@RaulSolisEU | Miro una y otra vez esta fotografía de Ascensión Mendieta dándole sepultura a su padre, asesinado hace 78 años por ser sindicalista de la UGT y defender un trabajo decente y un salario digno para quienes su único patrimonio eran sus manos y el sudor de su frente. Las miro una y otra vez y no puedo apartar mi mirada de la cara emocionada de Ascensión a sus 91 años. No puedo dejar de mirarla, de admirarla y de llorar de rabia y también de agradecimiento a la fuerza telúrica de una mujer que ha sido capaz de resistir 91 años para enterrar decentemente a su padre, Timoteo Mendieta, un hombre sencillo de un pueblo de Guadalajara sin más patrimonio que la fuerza de su trabajo.
Frágil como una rama a punto de troncharse, no puedo dejar de mirarla delante del féretro con los restos óseos de su padre, sacado de una fosa común a la que fue tirado como si fuera un perro hace 78 años, sin que un solo gobierno español se haya dignado a darle una sepultura decente. No puedo parar de mirar fijamente a Ascensión, sentada delante del panteón en el que baja su padre para descansar eternamente, y pensar en la cantidad de veces que habrá sido señalada en su pueblo, la de fascistas que la habrán despreciado y la de veces que se habrá visto obligada a esquivar las miradas odiosas de quienes asesinaron a su padre por el único delito de ser un hombre bueno y justo con carnet de la Unión General de Trabajadores.
Me la imagino el día que mataron a su padre, llorando en la intimidad de la casa, comiéndose el llanto junto a sus hermanos y madre por miedo a que ellos fueran también montados en una camioneta y fusilados en las tapias del cementerio como horas antes habían hecho con su padre. Me la imagino acudiendo con su madre a pedir información de su padre ya fusilado y encontrarse con un arsenal de odio e inhumanidad al otro lado del mostrador. Me la imagino volviendo a casa, sin respuesta, humillada, vejada, destrozada y con la mirada incapaz de señalar el horizonte. Me la imagino saliendo a pedir trabajo por las calles del pueblo con pavor a que no se lo dieran por ser hija de su padre.

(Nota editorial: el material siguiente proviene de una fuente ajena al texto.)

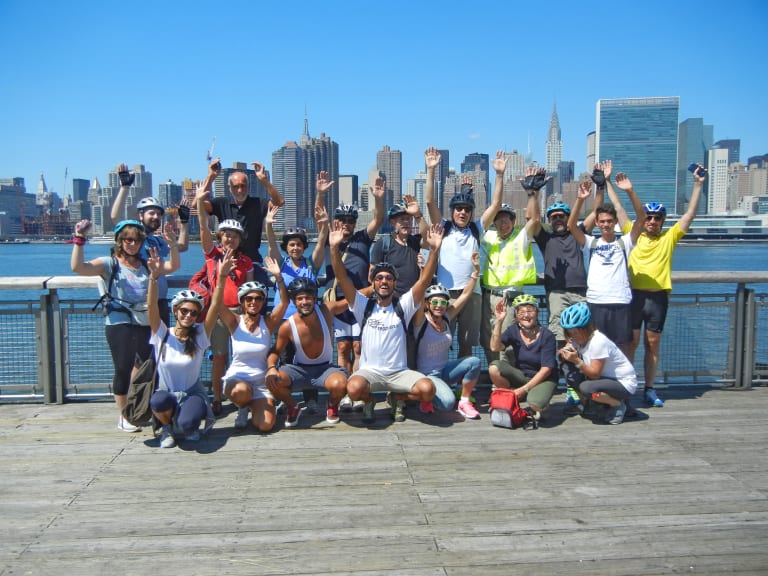 Gruppo di turisti in vacanza con 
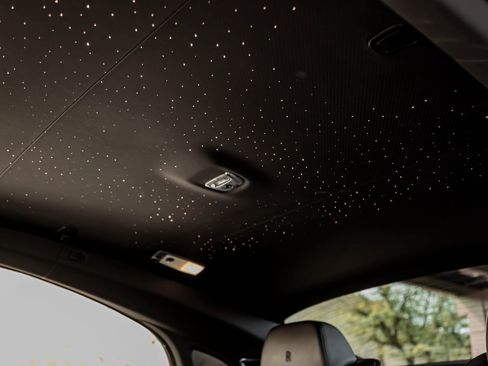 Used 2018 Rolls-Royce Wraith image 16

Me la imagino el día de su boda, esperando que llegara su padre para agarrarla del brazo y llevarla al altar. Me la imagino el día que nacieron sus hijos esperando a que su padre conociera a sus nietos. Me la imagino yendo a votar en las primeras elecciones democráticas tras la reinstauración de la democracia para vengarse de quienes asesinaron a su padre y llenaron de oscuridad la vida de una niña de 13 años que creció siendo señalada y apestada por ser la hija de un sindicalista.
Me la imagino envejecer esperando a que la Casa Real se refiriese al franquismo como lo que fue, una dictadura atroz que le segó la vida al padre de Ascensión y le mutiló la esperanza a una niña de 13 años que ha vivido siempre de luto. La imagino cuidar de su salud para poder terminar la tarea de enterrar digna y decentemente a su padre. Imagino el frío que tuvo que sentir en el avión a Argentina y la vergüenza delante de la jueza mientras le explicaba que en su país se le niega el derecho a saber en qué condiciones fue asesinado su padre y dónde estaba enterrado. Me la imagino con miedo a morirse antes de encontrar a su padre para darle un enterramiento digno en el panteón familiar.
Si fuéramos un país democrático, Ascensión Mendieta sería un icono de dignidad, un faro en el que mirarnos como sociedad y mañana sería recibida por el rey Felipe VI, la máxima autoridad del Estado, para pedirle perdón como país a ella y a todas las víctimas a las que el franquismo condenó a la orfandad, a vivir esquivando miradas inquisitoriales y a esconder una pena que nunca tuvieron derecho a llorar. Pero como no somos un país decente, nos tenemos que conformar con mirar y admirar a Ascensión Mendieta, una mujer sencilla convertida en heroína porque vive en un país, el único del mundo donde triunfó el fascismo en el siglo XX, en el que 40 años después del fin de la dictadura sigue sin ser política de Estado la dignificación de los 114.000 desaparecidos que 80 años después de su fusilamiento no han podido ser llorados con flores en un país que se dice democrático.